After you add this NuGet package, a warning will be included in your build if any unoptimized assembly is detected.

The source code of project is hosted on GitHub ⭐.

What’s the pitfall?

The default build configuration for dotnet pack and dotnet publish is not Release as you might assume or expect. When publishing NuGet packages to nuget.org, one must explicitly make it a release package, like: dotnet pack -c Release. Without it, the assemblies packed will not be compiled with optimizations. In this blog post you’ll learn that’s not always the case. Even for those who know, accidents happens and a misconfigured build script can result in a Debug build ending up on nuget.org.
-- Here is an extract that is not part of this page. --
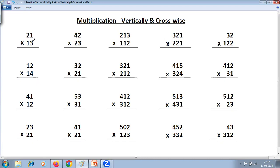First, 2-digit by 2-digit. There are 3 steps. First step: multiply the digits at 1's place — 1 into 3 is 3. Then cross-multiply: 2 into 3 is 6, and 1 into 1 is 1; 6 plus 1 is 7. Then again vertical, digits at 10's place: 2 into 1 is 2. So the answer is 2, 7, 3.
The default value being Debug, which results in unoptimized assemblies, isn’t alone the reason why this is a pitfall. There’s no warning of any kind from the point you create the NuGet package, through uploading to nuget.org all the way to restoring it for your project.

Why should I care?

If you don’t need convincing, feel free to skip ahead to Sensible defaults.

Benchmarks

No pitfalls when running BenchmarkDotNet in debug mode. It stops you quickly:

➜ dotnet run
// Validating benchmarks:
Assembly UnoptimizedBenchmarks which defines benchmarks is non-optimized
Benchmark was built without optimization enabled (most probably a DEBUG configuration). Please, build it in RELEASE.
If you want to debug the benchmarks, please see https://benchmarkdotnet.org/articles/guides/troubleshooting.html#debugging-benchmarks.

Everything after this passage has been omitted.